I don’t mean to deny these experiences as meaningful for the people who had them. It’s just that I remember malls a lot differently…
There were only so many times we could go into the Sharper Image to see what new gizmos they had; the merchandise didn’t change over as often as we went to the mall. And sometimes, we didn’t want to see what the stores had to offer—we just wanted a place to hang out. But as teenagers, we were the primary threat to law and order in my suburban Chicago community; when too many of us congregated together in the food court, we were promptly shoed away by security guards.
There wasn’t really a socially acceptable place for us to go. So what did we do? We went underground—literally—into our parents’ basements, where many of them also happened to store their liquor.
No matter how you remember malls, the rise of e-commerce certainly hasn’t nudged things in the right direction. There’s no longer even a pretense for teenagers—or any of us—to leave our homes. And that carries with it a social cost.
“You’re not interacting with the guy at the corner store anymore or the checkout person at the grocery store. On some level, that’s attractive to people but, at the same time, you’re sort of missing these small social interactions in terms of community when you’re holed up waiting for Amazon packages to arrive.”
My question is: what does it say about us that we couldn’t think of a better reason to socialize than to go shopping?
I know this phrasing risks overstating the problem.
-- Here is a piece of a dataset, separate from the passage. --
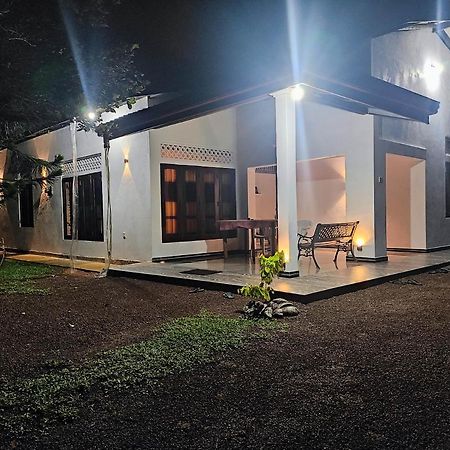 Sunset Villa Νεγκόμπο Εξωτερικό φωτογραφία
Americans do find plenty of other reasons to socialize (touch football, church groups, community theatre, and many others). But to the extent that mall nostalgia captures a lost sense of community, it speaks to a real problem of unmet social need in the population. What the decoupling of community and commerce has taught us is that consumerism didn’t capture all the values we care about. When we vested our desire for community in market forces, we didn’t realize that what the market gives, it can also take away.
If we really care about fostering community, then we have to put in the effort to make it happen. We must create the space for it—both physically and in terms of our time. It must be the destination, not just a pit stop between many others in our busy lives.
And we must be wary of cheap substitutes. In the same way Amazon caters to our laziness as consumers, Facebook and Instagram cater to our laziness as socializers. They can be used as effective organizing tools, but in a world where our phones are turning into our teddy bears, it can often feel more comfortable to tend to the representations of our social lives rather than the real thing.
Building real human connection remains hard and messy work. It cannot be short-changed. It cannot be productivity-hacked. It’s something that’s best done the old-fashioned way: face-to-face.